Exercise Notebook on Natural Language Processing¶

nltk also provides access to a dataset of tweets from Twitter, it includes a set of tweets already classified as negative or positive.

In this exercise notebook we would like to replicate the sentiment analysis classification performed on the movie reviews corpus on this dataset.

Exercise 1: Download and inspect the twitter_samples dataset¶

First we want to download the dataset and inspect it:

In [1]:

import nltk

In [2]:

# DO NOT MODIFY

nltk.download("twitter_samples")
from nltk.corpus import twitter_samples

[nltk_data] Downloading package twitter_samples to
[nltk_data]     /Users/altintas/nltk_data...
[nltk_data]   Package twitter_samples is already up-to-date!
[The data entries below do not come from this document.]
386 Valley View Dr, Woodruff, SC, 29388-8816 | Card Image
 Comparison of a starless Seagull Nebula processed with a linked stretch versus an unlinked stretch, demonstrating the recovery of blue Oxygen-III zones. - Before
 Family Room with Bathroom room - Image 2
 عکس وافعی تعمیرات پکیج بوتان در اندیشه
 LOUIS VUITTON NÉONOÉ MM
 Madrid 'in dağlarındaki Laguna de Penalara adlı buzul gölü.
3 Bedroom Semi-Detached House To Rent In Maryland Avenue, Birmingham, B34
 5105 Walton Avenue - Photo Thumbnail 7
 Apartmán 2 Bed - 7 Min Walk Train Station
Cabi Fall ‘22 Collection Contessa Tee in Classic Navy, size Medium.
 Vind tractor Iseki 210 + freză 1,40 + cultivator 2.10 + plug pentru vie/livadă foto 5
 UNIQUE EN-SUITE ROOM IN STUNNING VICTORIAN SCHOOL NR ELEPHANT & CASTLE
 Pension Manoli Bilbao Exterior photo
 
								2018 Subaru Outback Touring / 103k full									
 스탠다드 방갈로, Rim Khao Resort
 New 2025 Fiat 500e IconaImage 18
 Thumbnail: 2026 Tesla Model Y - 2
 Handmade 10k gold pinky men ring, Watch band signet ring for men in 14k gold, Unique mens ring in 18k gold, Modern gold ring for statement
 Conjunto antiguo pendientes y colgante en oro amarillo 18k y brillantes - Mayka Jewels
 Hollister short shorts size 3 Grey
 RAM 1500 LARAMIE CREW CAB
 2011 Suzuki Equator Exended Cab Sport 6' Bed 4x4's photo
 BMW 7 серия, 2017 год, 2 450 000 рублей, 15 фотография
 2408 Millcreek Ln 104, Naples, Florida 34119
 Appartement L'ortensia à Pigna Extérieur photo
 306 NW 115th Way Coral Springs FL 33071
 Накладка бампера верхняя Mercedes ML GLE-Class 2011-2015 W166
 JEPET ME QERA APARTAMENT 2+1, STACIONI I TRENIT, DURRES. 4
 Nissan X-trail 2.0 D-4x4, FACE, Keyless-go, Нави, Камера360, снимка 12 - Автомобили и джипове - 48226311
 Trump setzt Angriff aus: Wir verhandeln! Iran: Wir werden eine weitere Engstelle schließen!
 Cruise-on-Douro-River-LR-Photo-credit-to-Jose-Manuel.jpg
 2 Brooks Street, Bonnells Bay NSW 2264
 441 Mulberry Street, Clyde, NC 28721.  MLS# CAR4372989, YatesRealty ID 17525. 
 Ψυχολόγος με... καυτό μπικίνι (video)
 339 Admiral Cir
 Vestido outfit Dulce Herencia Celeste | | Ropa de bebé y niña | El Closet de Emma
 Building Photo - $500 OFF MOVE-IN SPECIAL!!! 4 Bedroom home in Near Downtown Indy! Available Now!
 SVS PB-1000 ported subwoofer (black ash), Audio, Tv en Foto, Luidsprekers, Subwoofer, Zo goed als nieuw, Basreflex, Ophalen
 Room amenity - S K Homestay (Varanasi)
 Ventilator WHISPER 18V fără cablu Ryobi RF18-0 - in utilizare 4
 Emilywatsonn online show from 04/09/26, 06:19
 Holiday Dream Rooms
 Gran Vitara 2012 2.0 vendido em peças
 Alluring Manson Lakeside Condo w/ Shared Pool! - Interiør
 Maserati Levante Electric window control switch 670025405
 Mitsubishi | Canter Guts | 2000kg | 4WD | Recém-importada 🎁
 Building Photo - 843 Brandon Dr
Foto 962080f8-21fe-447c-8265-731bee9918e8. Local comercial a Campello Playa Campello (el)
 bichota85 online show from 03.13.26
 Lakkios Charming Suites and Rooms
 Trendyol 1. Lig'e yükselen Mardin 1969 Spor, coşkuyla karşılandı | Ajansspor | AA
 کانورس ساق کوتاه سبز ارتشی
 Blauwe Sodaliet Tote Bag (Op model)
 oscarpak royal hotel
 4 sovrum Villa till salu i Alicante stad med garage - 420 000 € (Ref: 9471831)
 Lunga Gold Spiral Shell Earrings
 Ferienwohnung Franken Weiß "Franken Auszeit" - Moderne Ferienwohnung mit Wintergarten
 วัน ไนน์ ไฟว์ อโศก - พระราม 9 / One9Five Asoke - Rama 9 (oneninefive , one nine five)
First let's check the common fileids method of nltk corpora:

In [3]:

twitter_samples.fileids()

Out[3]:

['negative_tweets.json', 'positive_tweets.json', 'tweets.20150430-223406.json']

The twitter_samples object has a tokenized() method that returns all tweets from a fileid already individually tokenized. Read its documentation and use it to find the number of positive and negative tweets.

In [4]:

number_of_positive_tweets = None
### BEGIN SOLUTION

### END SOLUTION

In [5]:

number_of_negative_tweets = None
### BEGIN SOLUTION

### END SOLUTION

In [6]:

# DO NOT MODIFY

assert number_of_positive_tweets == 5000, "Make sure you are counting the number of tweets, not the number of words"

Exercise 2: Build a bag-of-words model function¶

As in the lecture, we can build a bag-of-words model to train our machine learning algorithm.

In [7]:

import string

First step we define a list of words that we want to filter out of our dataset:

In [8]:

useless_words = nltk.corpus.stopwords.words("english") + list(string.punctuation)

In [9]:

def build_bag_of_words_features_filtered(words):
    """Build a bag of words model"""
    ### BEGIN SOLUTION

    ### END SOLUTION

In [10]:

assert len(build_bag_of_words_features_filtered(["what", "the", "?", ","]))==0, "Make sure we are filtering out both stopwords and punctuation"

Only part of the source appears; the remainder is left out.